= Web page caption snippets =
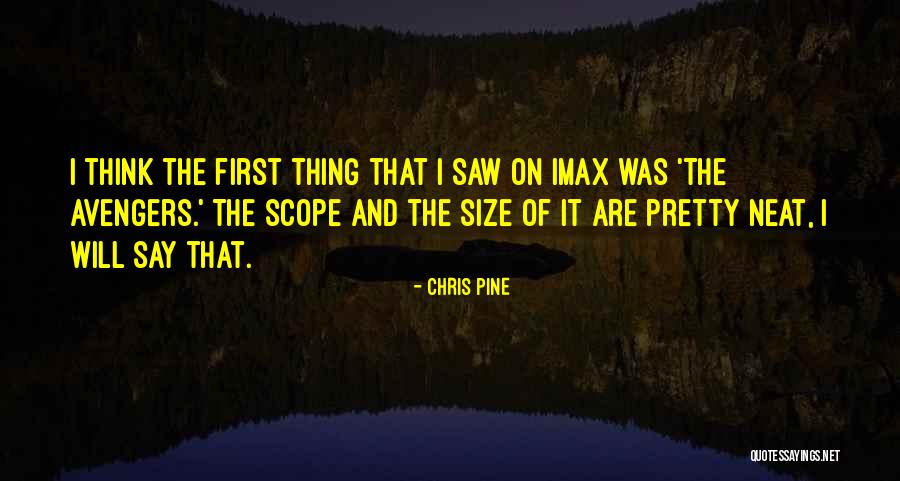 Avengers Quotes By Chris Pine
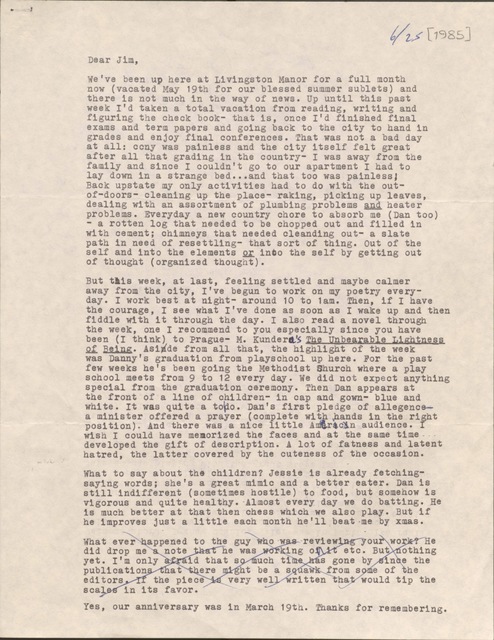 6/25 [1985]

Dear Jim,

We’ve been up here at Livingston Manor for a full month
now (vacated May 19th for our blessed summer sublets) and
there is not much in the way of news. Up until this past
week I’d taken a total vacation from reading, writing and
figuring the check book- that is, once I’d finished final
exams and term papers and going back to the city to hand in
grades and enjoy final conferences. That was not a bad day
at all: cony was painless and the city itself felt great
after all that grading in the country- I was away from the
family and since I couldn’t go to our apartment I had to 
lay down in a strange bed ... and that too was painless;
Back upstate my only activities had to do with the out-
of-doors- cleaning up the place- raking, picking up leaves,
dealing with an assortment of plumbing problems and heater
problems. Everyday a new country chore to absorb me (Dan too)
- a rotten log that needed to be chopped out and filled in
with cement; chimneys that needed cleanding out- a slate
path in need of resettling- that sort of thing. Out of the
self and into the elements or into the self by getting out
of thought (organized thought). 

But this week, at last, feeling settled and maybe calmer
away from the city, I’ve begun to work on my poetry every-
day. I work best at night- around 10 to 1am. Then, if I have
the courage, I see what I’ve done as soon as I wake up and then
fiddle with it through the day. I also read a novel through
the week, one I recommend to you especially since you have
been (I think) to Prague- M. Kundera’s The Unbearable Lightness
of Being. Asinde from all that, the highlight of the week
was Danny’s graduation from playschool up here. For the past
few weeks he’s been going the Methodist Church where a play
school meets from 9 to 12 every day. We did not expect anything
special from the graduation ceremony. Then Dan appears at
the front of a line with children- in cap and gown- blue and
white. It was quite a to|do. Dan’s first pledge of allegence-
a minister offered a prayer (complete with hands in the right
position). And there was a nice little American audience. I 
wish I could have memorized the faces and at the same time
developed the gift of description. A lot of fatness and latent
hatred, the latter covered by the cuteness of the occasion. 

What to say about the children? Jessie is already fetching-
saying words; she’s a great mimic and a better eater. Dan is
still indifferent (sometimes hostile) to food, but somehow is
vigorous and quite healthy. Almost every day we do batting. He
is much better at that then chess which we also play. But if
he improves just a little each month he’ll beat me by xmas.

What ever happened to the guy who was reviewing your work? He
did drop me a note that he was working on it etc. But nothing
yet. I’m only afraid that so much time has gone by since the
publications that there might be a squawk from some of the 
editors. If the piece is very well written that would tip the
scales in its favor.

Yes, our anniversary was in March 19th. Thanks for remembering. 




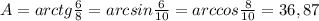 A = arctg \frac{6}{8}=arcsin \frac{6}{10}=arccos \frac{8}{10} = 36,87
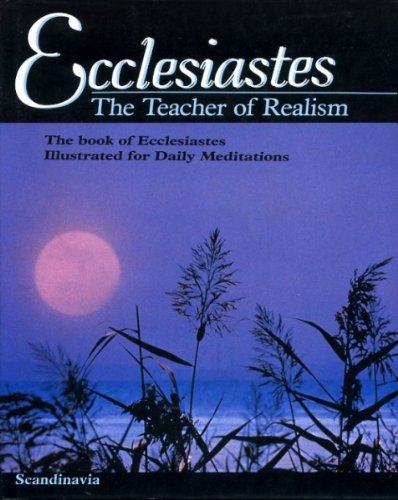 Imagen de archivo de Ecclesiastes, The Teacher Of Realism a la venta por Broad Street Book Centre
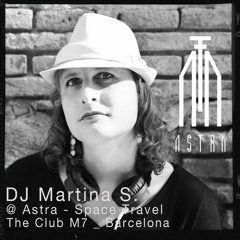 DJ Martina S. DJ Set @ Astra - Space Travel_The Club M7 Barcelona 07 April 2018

---

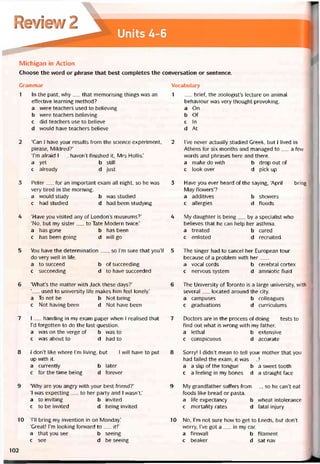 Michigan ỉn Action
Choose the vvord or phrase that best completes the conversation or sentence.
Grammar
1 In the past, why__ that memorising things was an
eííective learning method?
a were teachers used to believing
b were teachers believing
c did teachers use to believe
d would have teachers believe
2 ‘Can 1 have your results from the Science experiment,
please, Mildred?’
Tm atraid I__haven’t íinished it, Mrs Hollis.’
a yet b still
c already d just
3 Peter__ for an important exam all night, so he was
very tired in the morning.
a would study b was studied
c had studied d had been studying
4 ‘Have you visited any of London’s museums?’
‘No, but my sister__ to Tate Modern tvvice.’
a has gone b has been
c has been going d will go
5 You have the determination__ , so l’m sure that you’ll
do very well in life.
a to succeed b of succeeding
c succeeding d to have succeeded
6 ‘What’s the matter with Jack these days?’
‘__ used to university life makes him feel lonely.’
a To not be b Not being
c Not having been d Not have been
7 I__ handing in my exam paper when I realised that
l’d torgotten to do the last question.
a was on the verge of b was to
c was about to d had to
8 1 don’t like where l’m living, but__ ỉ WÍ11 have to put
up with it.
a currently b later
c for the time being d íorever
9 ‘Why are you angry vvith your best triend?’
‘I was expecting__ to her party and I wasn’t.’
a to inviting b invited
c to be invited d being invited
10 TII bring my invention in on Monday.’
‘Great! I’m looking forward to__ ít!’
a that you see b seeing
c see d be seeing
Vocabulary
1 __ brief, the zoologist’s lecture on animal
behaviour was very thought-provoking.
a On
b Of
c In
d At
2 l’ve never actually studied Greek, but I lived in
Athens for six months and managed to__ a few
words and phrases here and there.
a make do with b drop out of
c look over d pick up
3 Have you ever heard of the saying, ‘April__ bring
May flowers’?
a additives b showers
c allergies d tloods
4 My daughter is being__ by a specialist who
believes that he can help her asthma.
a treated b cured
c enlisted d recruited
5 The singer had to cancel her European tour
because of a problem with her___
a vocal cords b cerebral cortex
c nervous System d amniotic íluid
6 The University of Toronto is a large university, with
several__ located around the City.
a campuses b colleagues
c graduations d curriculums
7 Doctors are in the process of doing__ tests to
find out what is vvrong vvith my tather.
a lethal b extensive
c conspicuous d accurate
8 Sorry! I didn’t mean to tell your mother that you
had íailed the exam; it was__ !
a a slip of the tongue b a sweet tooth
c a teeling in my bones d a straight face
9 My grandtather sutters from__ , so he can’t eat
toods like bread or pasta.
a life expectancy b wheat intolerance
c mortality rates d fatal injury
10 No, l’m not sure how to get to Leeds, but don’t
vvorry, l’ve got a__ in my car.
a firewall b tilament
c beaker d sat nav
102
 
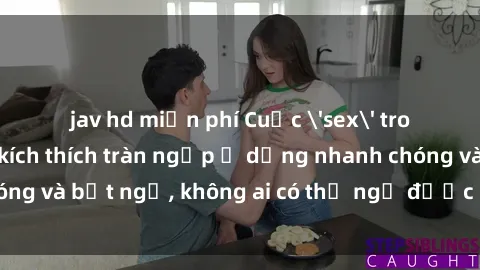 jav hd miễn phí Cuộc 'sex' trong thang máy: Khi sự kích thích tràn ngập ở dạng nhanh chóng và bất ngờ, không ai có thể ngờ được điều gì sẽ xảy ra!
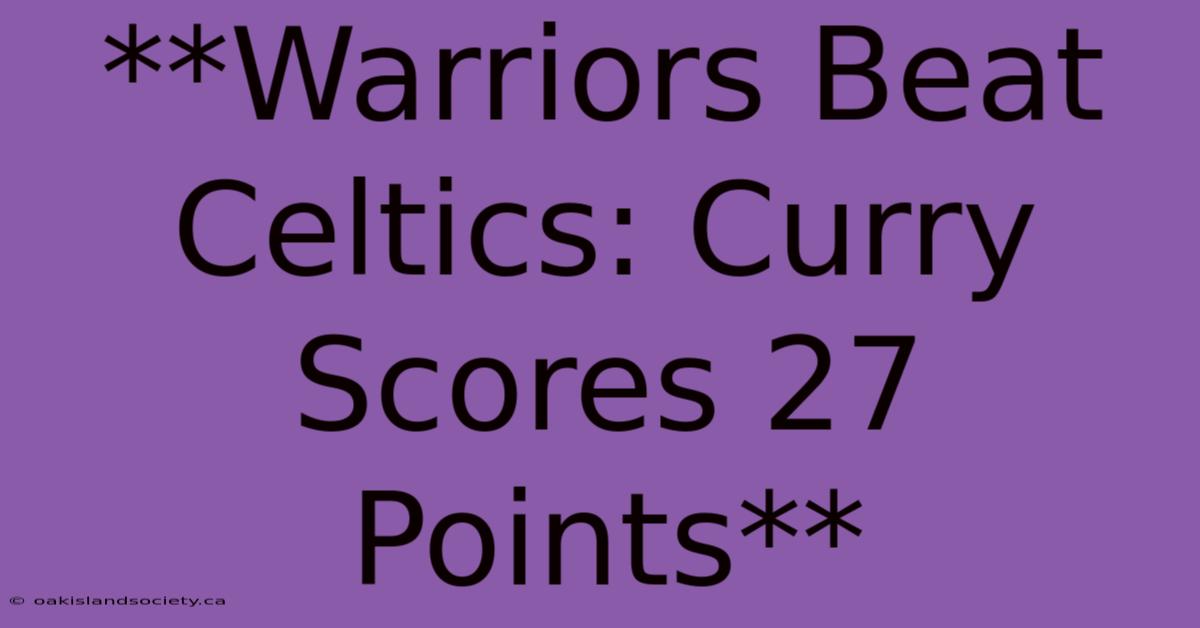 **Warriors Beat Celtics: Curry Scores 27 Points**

= THE TASK =
Write out exactly the lines above from the line with "a were teachers used to believing" through the line with "a to succeed b of succeeding", both of them included, and leave out all other lines.

= RESULT =
a were teachers used to believing
b were teachers believing
c did teachers use to believe
d would have teachers believe
2 ‘Can 1 have your results from the Science experiment,
please, Mildred?’
Tm atraid I__haven’t íinished it, Mrs Hollis.’
a yet b still
c already d just
3 Peter__ for an important exam all night, so he was
very tired in the morning.
a would study b was studied
c had studied d had been studying
4 ‘Have you visited any of London’s museums?’
‘No, but my sister__ to Tate Modern tvvice.’
a has gone b has been
c has been going d will go
5 You have the determination__ , so l’m sure that you’ll
do very well in life.
a to succeed b of succeeding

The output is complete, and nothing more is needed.